→ Supplied data:
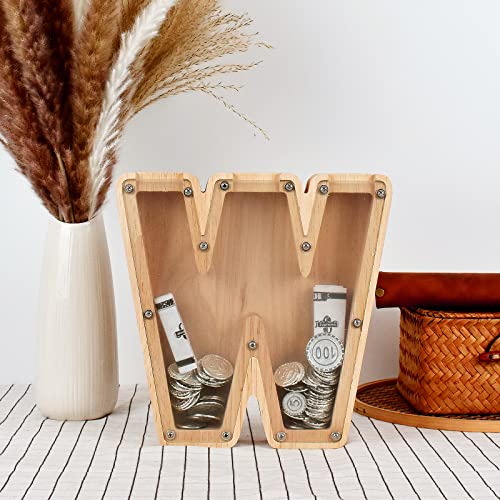 Image of CDUHB Large Personalized Wooden Letter Piggy Bank Alphabet Letter Decorative Sign Coin Bank Perfect Decor,Unique Gift, Keepsake, or Savings Money Box for Kids with Sticker for DIY (W)
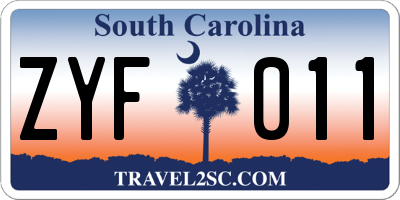 SC license plate ZYF011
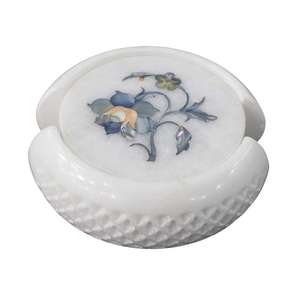 Sous-verres en marbre faits à la main de 4,5 pouces, sous-verres de luxe avec incrustation de nacre pour le café, le thé et le vin - Product Image 2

→ Brief:
Retype the listing exactly. Skip every picture.

→ Output of the exercise:
 Image of CDUHB Large Personalized Wooden Letter Piggy Bank Alphabet Letter Decorative Sign Coin Bank Perfect Decor,Unique Gift, Keepsake, or Savings Money Box for Kids with Sticker for DIY (W)
 SC license plate ZYF011
 Sous-verres en marbre faits à la main de 4,5 pouces, sous-verres de luxe avec incrustation de nacre pour le café, le thé et le vin - Product Image 2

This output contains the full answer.